Rezension: Tropenkoller, von Georges Simenon (1933, auch Tropenfieber) – 7 Sterne – mit Video

Der junge Joseph Timar kommt in einem afrikanischen schwülheißen Kaff mit der ebensolchen französischen Wirtin Adèle zusammen, die schon mehrere Liebhaber vor ihm hatte. Adèle könnte für einen Mord verantwortlich sein. Flussaufwärts starten sie ein Holzunternehmen in der Wildnis (frz. Buchtitel Le Coup de lune, frei verfilmt 1982 als Équateur von Serge Gainsbourg u.a. mit Barbara Sukowa, Francis Huster).

Das heiße afrikanische Nest Libreville mit seinen weißen Desperados beschreibt Georges Simenon (1903 – 1989) sehr stimmungsvoll, samt abstoßendem Rassismus. Der Nicht-Maigret-Roman erinnert momentweise deutlich an Joseph Conrads berühmtes Herz der Finsternis – wegen der rätselhaften Umgebung, der Bootsreise ins Landesinnere und wegen des womöglich verrückten Statthalters im Dschungel.

Doch die männerfreundliche Adèle wirkt allzu verführerisch und unplausibel. Immer wieder erzählt Simenon, dass Adèle unterm schwarzen Seidenkleid nichts weiter trägt. Manche Einheimische laufen gleich ganz nackt herum, hechelt Simenon repetitiv. Die Behörden und auch Timar halten Adèle von Anfang für mordverdächtig; doch Timar verbindet sich mit ihr privat und geschäftlich, und man lässt sie im Land umherreisen. Die Gerichtsverhandlung am Schluss ist immerhin interessanter und weniger gestreckt als in Simenons Fremd im eigenen Haus, der Ausgang der Geschichte jedoch überrascht nicht.

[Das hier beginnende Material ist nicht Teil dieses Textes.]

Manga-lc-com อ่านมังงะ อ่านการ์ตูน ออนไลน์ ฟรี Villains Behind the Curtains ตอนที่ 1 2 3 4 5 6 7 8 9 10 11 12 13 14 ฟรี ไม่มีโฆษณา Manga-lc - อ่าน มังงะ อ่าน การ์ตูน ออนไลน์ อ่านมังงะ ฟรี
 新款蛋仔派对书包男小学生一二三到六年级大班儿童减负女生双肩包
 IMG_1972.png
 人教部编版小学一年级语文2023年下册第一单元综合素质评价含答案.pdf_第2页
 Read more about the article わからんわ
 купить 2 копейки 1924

Simenon schreibt seinen typischen, fast ruppigen Ton mit knappen Sätzen und ohne Erklärungen. Simenon erzählt personal, aber nicht völlig konsequent in der dritten Person aus Sicht Timars. Meine nicht-revidierte 1979er-Übersetzung von Annerose Melter (nicht aus der Reihe Ausgewählte Romane) befremdete momentweise, aber ich habe keinen Vergleich zum Original oder zur überarbeiteten Eindeutschung von 2010.